What to work on:
Restate every line of the data word for word, except for the images.

Data shown:

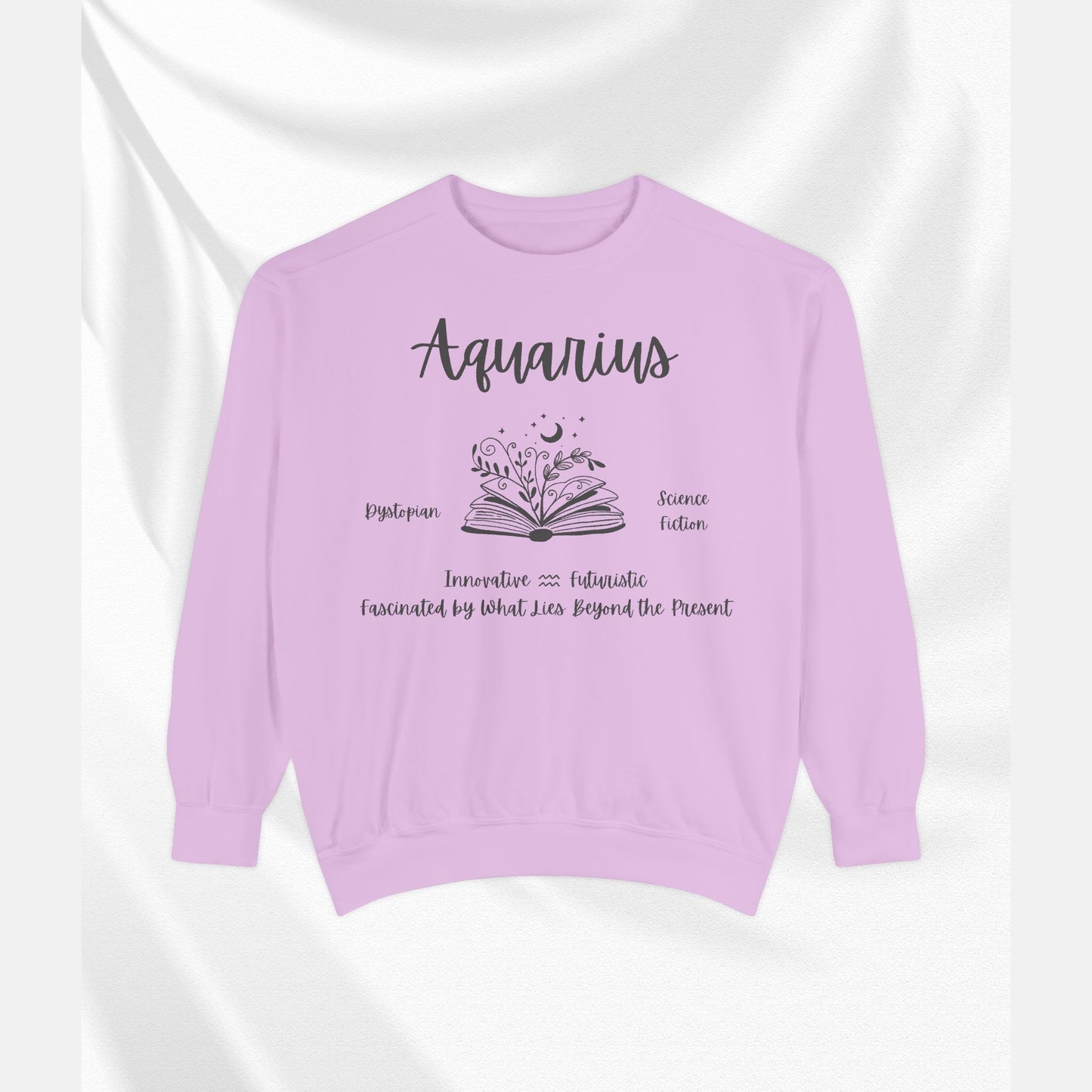 Aquarius Book Lover Sweatshirt, Zodiac Graphic Top, Literary Gift, Astrology Pullover,
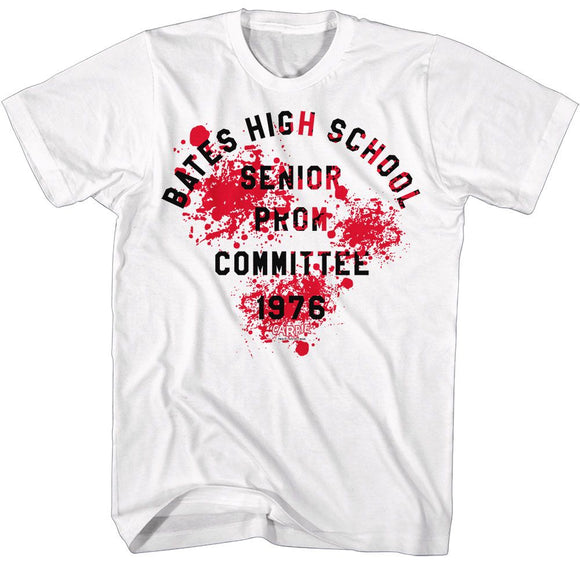 Carrie-Carrie Bates Hs Prom 76-White Adult S/S T-Shirt - White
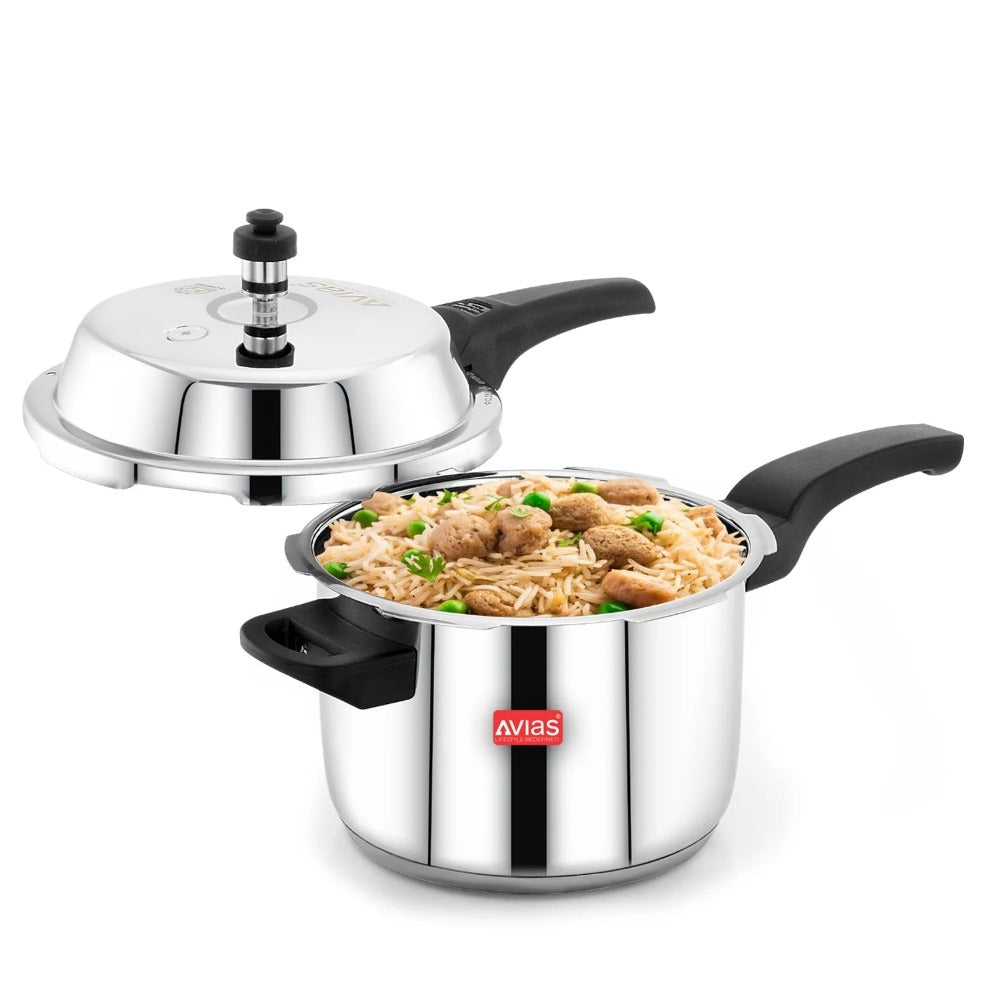 AVIAS Ceres Stainless Steel Premium Outer Lid Pressure Cooker | Gas & Induction Compatible | Silver - view 8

Finished exercise:
 Aquarius Book Lover Sweatshirt, Zodiac Graphic Top, Literary Gift, Astrology Pullover,
 Carrie-Carrie Bates Hs Prom 76-White Adult S/S T-Shirt - White
 AVIAS Ceres Stainless Steel Premium Outer Lid Pressure Cooker | Gas & Induction Compatible | Silver - view 8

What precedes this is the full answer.